Suena el poema sinfónico Danza macabra, Op. 40, de Camille Saint-Saëns
Reía, se le vio reír. Los demás también reían, se les veía bailotear entre risotadas y gestos procaces; eran esos otros acompañantes, el cortejo desquiciado, que recreaban las pasiones de los vivos desde el imaginario de los muertos.

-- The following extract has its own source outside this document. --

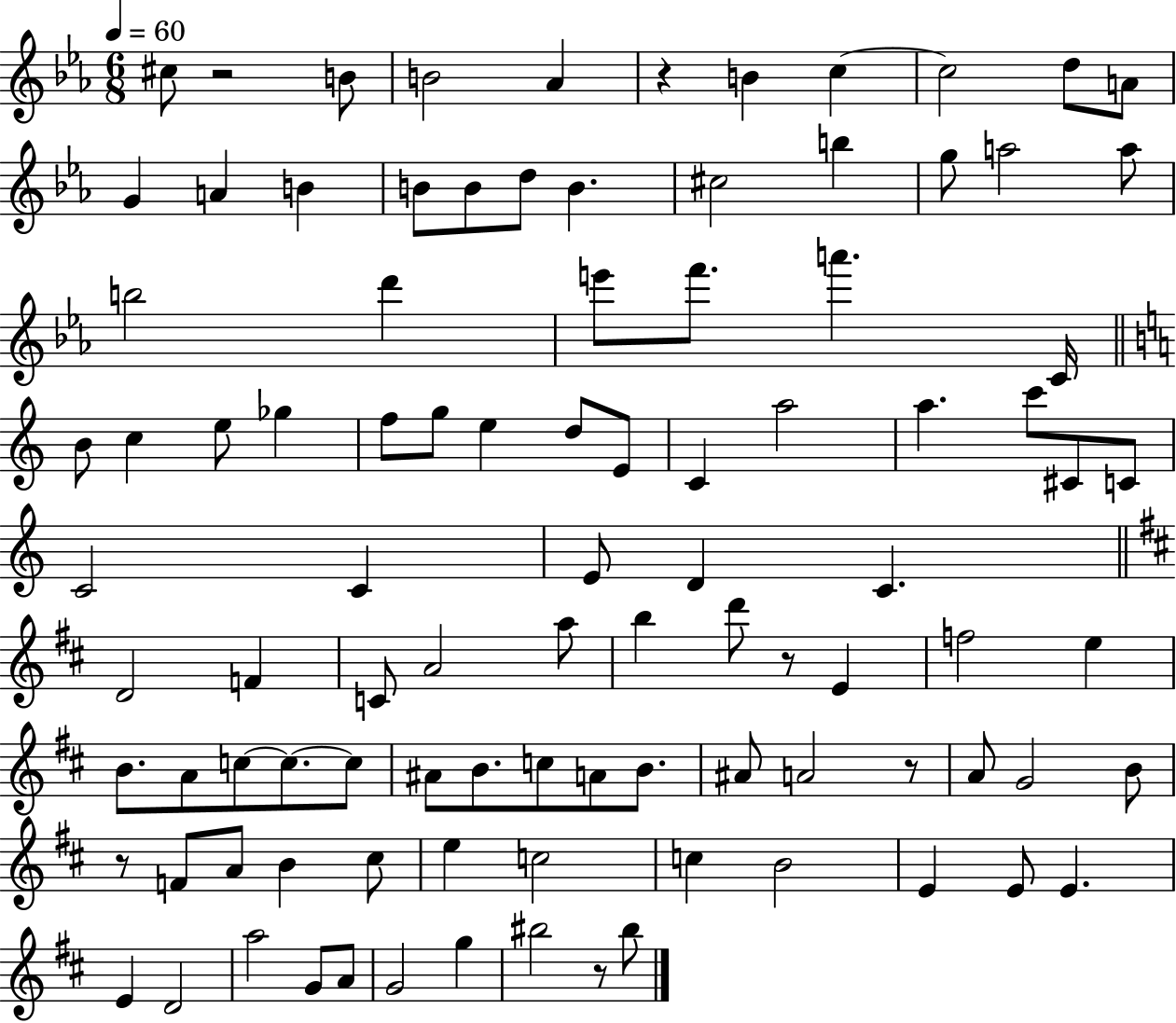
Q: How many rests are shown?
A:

Ufanos en su descarnada irrealidad —sois, ¿qué sois?—, entretenidos en el lapsus temporal, de cuya medida nadie da cuenta cabal, con la burda plasmación del agorero final del camino.

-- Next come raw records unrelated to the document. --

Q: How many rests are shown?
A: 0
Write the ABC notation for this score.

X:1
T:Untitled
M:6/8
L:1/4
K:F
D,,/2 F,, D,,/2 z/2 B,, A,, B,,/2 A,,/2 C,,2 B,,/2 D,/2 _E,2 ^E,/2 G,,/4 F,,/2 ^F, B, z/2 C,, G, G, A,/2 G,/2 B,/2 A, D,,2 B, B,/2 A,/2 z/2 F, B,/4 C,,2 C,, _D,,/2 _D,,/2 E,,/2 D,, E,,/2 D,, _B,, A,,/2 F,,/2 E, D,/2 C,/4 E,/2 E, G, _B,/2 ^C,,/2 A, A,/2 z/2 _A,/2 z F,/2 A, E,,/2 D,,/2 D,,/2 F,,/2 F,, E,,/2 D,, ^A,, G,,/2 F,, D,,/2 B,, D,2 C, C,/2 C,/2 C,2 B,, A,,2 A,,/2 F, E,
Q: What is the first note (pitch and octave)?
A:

Hasta aquí lo que se daba.
El teatrillo de los cadáveres insepultos marchaba donde el reclamo de la fiesta lo condujera para satisfacer la curiosidad morbosa, tan humana y apremiante como la intelectual, de ojos como platos y piel de gallina, agazapada en unos, manifiesta y desafiante en aquellos que a la parca rinden un tributo de desprecio, no en vano burlesco.
Aunque a la historia que cuentan los muertos con su decidida interpretación les prestaba oídos el mundo entero de los vivos, por si acaso el día que irremisible llega el aprendizaje de maestros tan implicados sirve de algo o de mucho a la hora de rendir haberes y deberes.
Delante de los ojos del público ansioso, abiertos como espejos, y a flor de piel, trasuntaban las historias personales con las cosas y los hechos sobre los cuales recaía una vengativa indiferencia, propia del despecho, que a los emisarios de la incógnita divertía mientras aterrorizaba, o en menor medida, asustaba y precavía, a los destinatarios, sujetos del atino, espectadores a su pesar, pero con su indiscutible aceptación ondeando en el círculo dramático.
El festín de las pesadillas amenizaba los crepúsculos heladores de los ruedos concitados.
Al igual que sucede en los espectáculos humanos de hueso con carne y órganos en su sitio, los actores figuraban al límite de la verosimilitud los acusados comportamientos que en la vida cotidiana del común de los mortales se producen, como guía y esperpento, como muestra y juicio discrecional de magistrados y tribunales sobrevenidos. La vida, contemplada en la parodia del cercado ferial nada tiene de santa ni de informal de origen a resolución, ni del todo es sinsabor, deudas, zarabanda, estrépito, pena o algazara; ni risa, facultad divina, ni llanto, desahogo sentimental. Pero risa y llanto alternaban en el circuito cerrado de la intimidad, por aquello de atraer con motivo evidente a los espíritus benefactores y al picante, en esencia consuelo, que sazona el mediocre discurrir de un abrumador número de existencias. Impuesta la risa al llanto incluso en la apoteosis de la amargura.
Visto el mundo en su grotesca realidad, que son los aspectos irreductibles que molestan, incordian y hieren, que atan, afrentan y conducen de mal en peor, de tibio a quemazón o escozor frío. Entramado de imposible desistimiento, acumulativo y bullidor, tormenta porfiada, bravo huracán, reprimenda, azote, al que la risa confiada, la risa amarga, la risa de gorjeo, el cantar de gesta risueño pone coto, que ya es mérito; pone en cintura, lo que es digno de reseña, para embridar los sofocos de las criaturas antes o después vencidas por el inefable discurso del ancestral proceder.
Puesto en escena con acostumbrado libreto y música de percusión y viento por el elenco de los muertos en vida, que guardan en sus cuencas vacías la mirada de siempre, un tanto acerada y un mucho displicente, y en el gesto pasivo el músculo yerto, la conclusión de la obra.